Sono giovane come la mia speranza, vecchio come il mio scoraggiamento. Sono giovane come la mia fede, vecchio come il mio dubbio. Sono giovane come le mie aspirazioni, vecchio come le mie lagne. Sono giovane come il mio sorriso, vecchio come il mio broncio. Sono giovane come le mie conquiste, vecchio come le mie abitudini. Sono giovane come il mio amore, vecchio come il mio rancore. Sono giovane come la mia dolcezza, vecchio come la mia durezza. Sono giovane come la mia gioia, vecchio come la mia noia.
In una pagina del bel volumetto Il Senso della Vita. Attingere alla Sorgente della felicità di padre Gianni Santopietro (ed. Missionari OMI) c'è questa gustosa rappresentazione della convivenza in ogni persona di giovinezza e vecchiaia (il testo è di Maurizio Giordano). Come accade per vizi e virtù e persino per fede e incredulità, le frontiere sono mobili: talora ci riposiamo al sole del bene, della verità e della pace; altre volte, insensibilmente, ci trasferiamo nel territorio oscuro del male, della menzogna, dell'insoddisfazione e dell'infelicità.

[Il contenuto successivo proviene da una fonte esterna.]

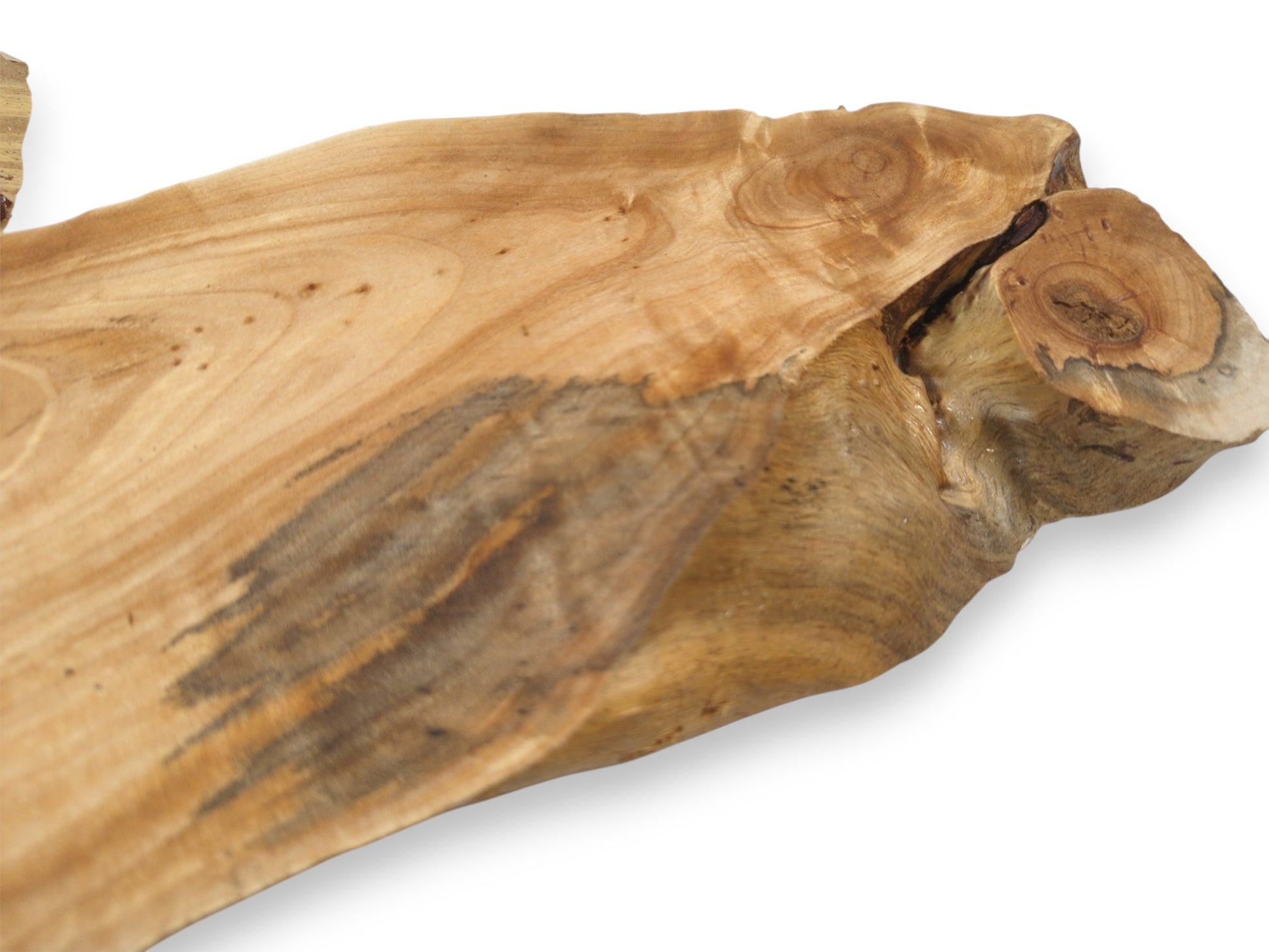 A dark, spalted grain pattern streaks across a smooth alder slab with a knotty burl.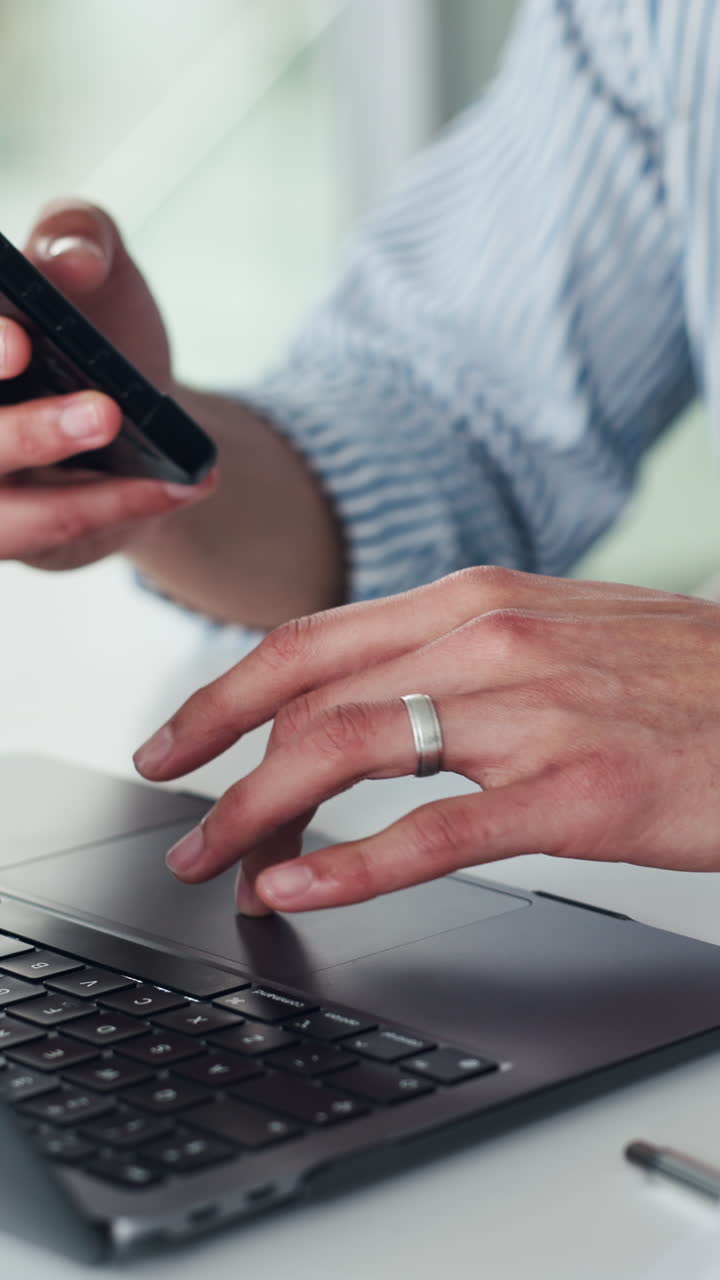 Close-Up of Man's Hands Using Smartphone and Laptop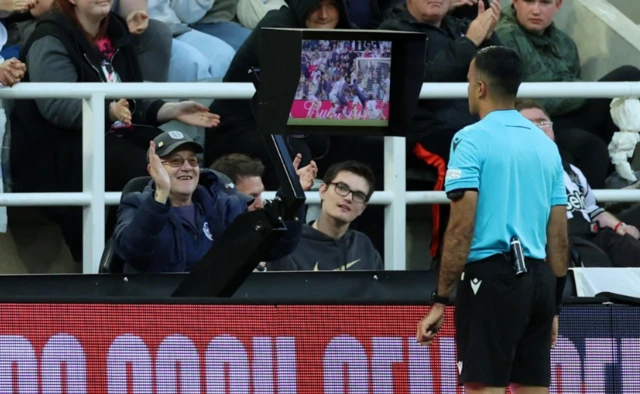 Referee Rohit Saggi looks at the VAR monitor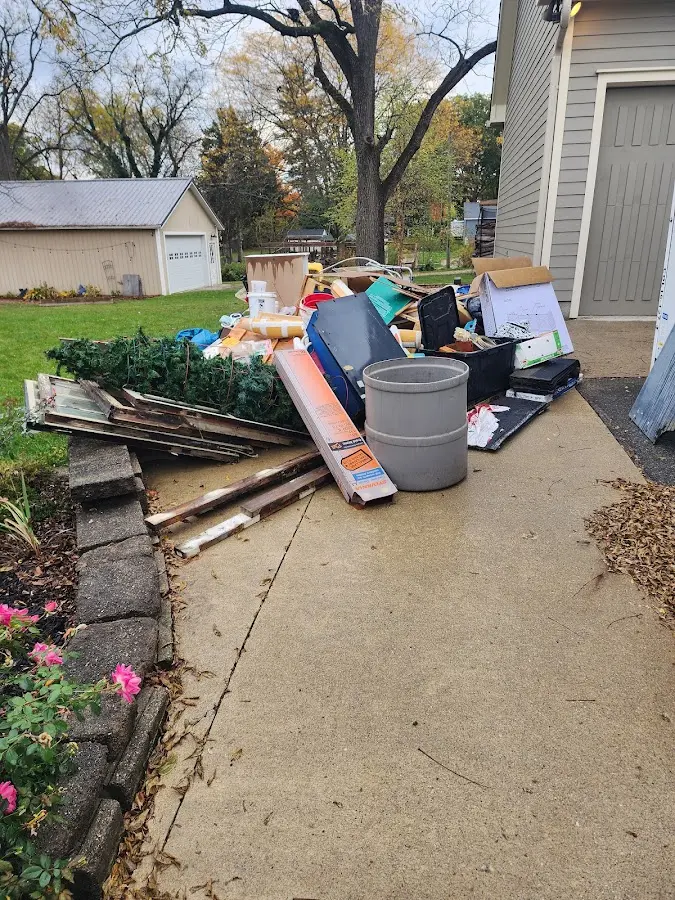 Dumpster being loaded with debris for 30 Yard Dumpster Rental in Austin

Il confine tra la freschezza di una vita giovanile e il crepuscolo smorto di una vecchiaia interiore non è cronologico ma esistenziale. Ci sono, infatti, giovani scoraggiati, dubbiosi, imbronciati, abitudinari, rancorosi, duri e noiosi. E ci sono anziani pieni di speranza, di fede, di sorriso, di novità, di amore, di dolcezza e di gioia. È, dunque, soprattutto nella coscienza e nella vita che si misura lo stato vero di una persona. Certo, anche il tempo
e il corpo giocano una loro parte; ma decisivo rimane l'anelito dell'anima che mantiene sempre aperta la mente, fremente il cuore, viva l'attesa. Proprio come diceva il salmista: «Nella vecchiaia daranno ancora frutti, saranno vegeti e rigogliosi» (92, 15).